* **TASK BRIEF**:
When you reach the line that contains "Clay, coffee &", begin copying exactly and continue through the last line below. Do not copy pictures.

* **DATASET CONTENT**:
* * *

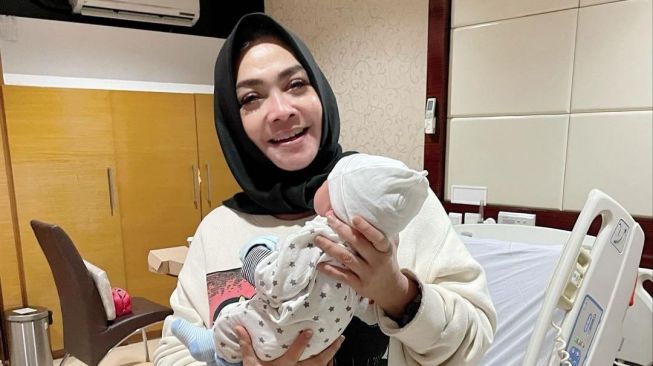 Potret Mama Rieta Bareng Rayyanza (Instagram/@rieta_amilia)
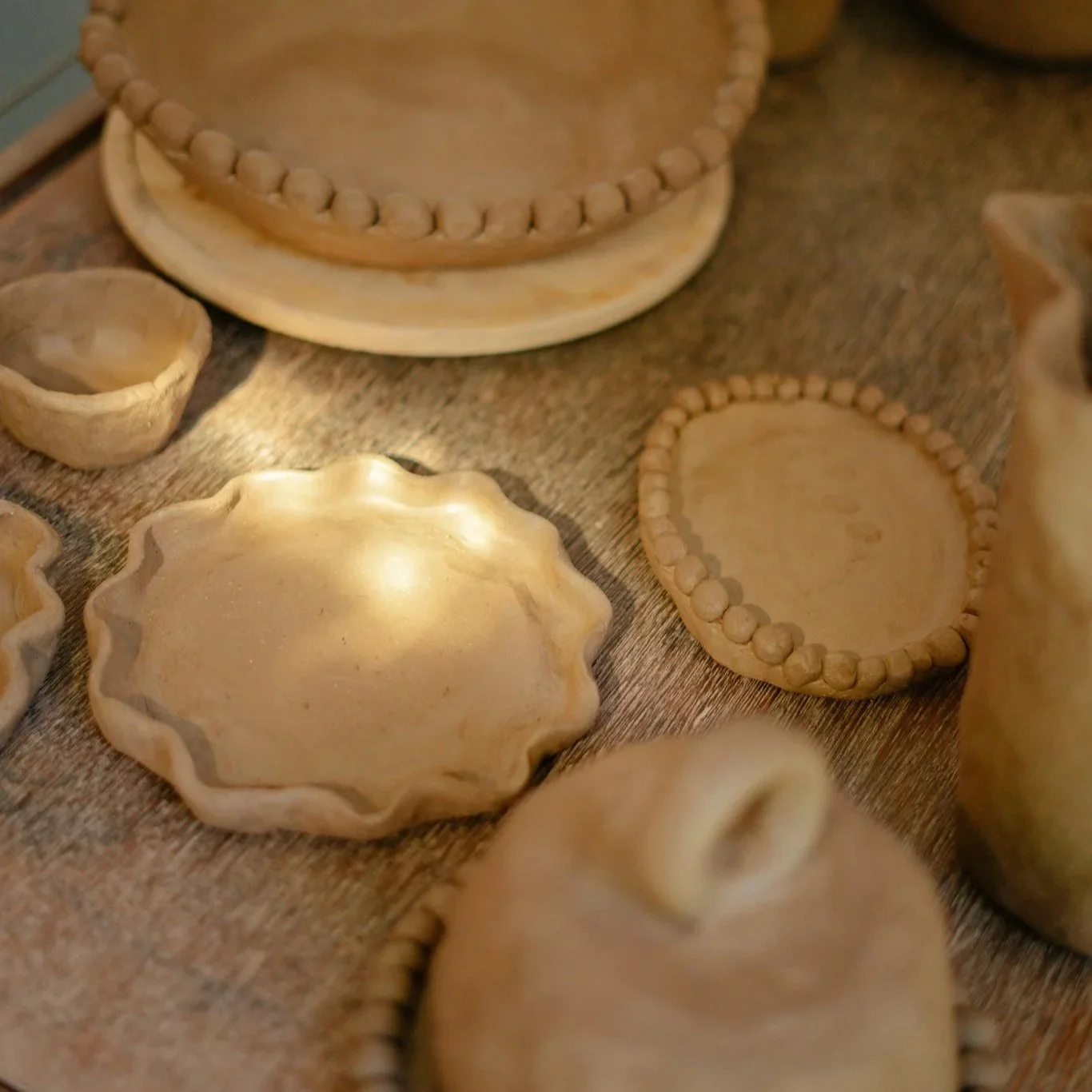 Clay, coffee & croissants. Pottery Workshops Byron Bay
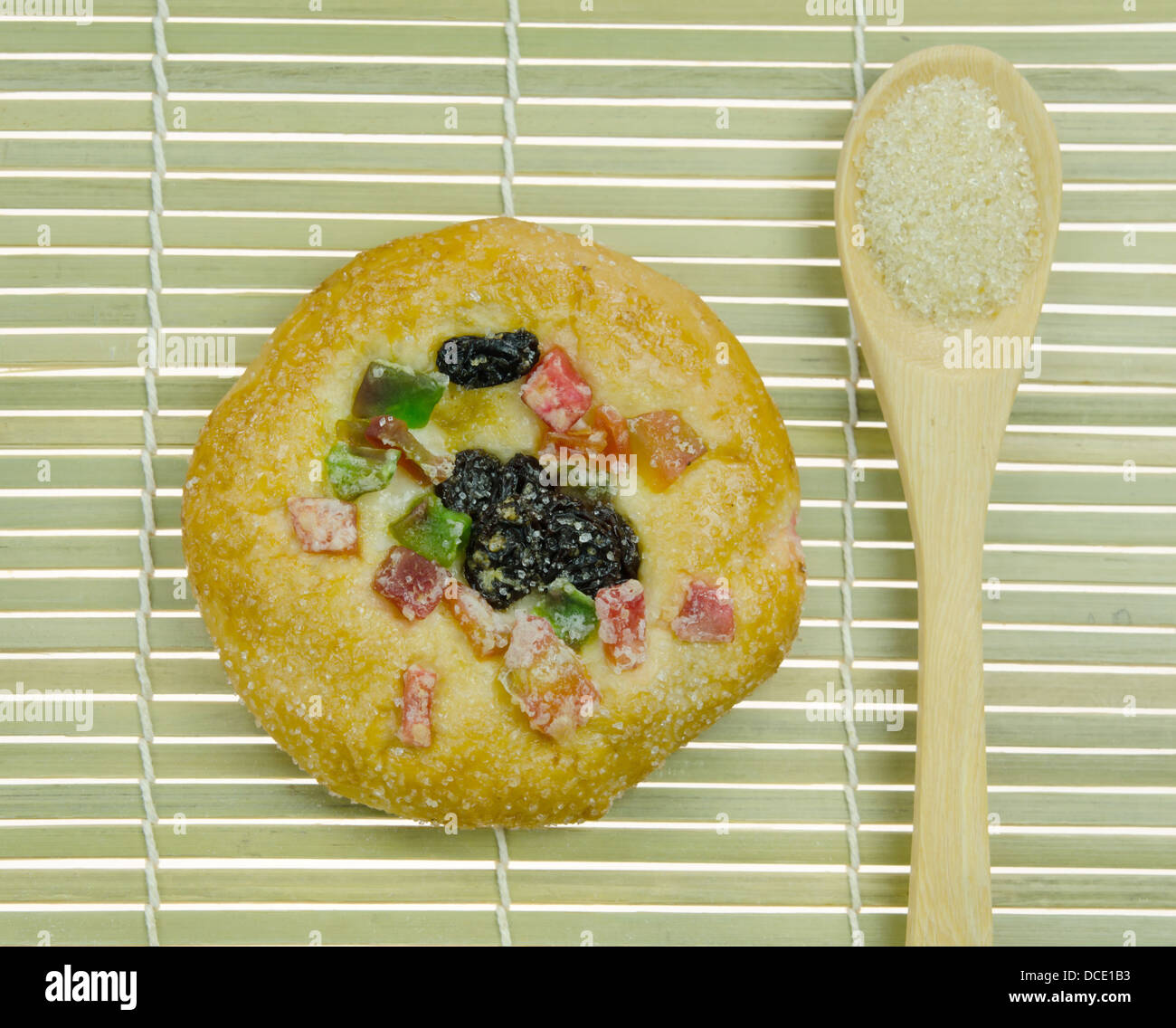 Vue du dessus du pain aux raisins et aux fruits secs et la cuillère de sucre sur fond de bois Banque D'Images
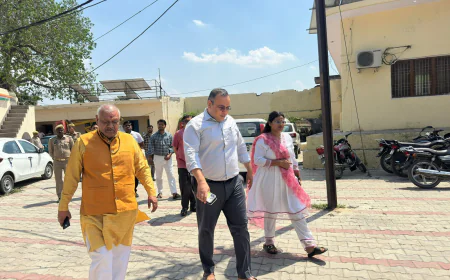 Kasganj news जिलाधिकारी प्रणय सिंह ने किया नगर पालिका सोरों का निरीक्षण।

* * *

* **WRITTEN SOLUTION**:
 Clay, coffee & croissants. Pottery Workshops Byron Bay
 Vue du dessus du pain aux raisins et aux fruits secs et la cuillère de sucre sur fond de bois Banque D'Images
 Kasganj news जिलाधिकारी प्रणय सिंह ने किया नगर पालिका सोरों का निरीक्षण।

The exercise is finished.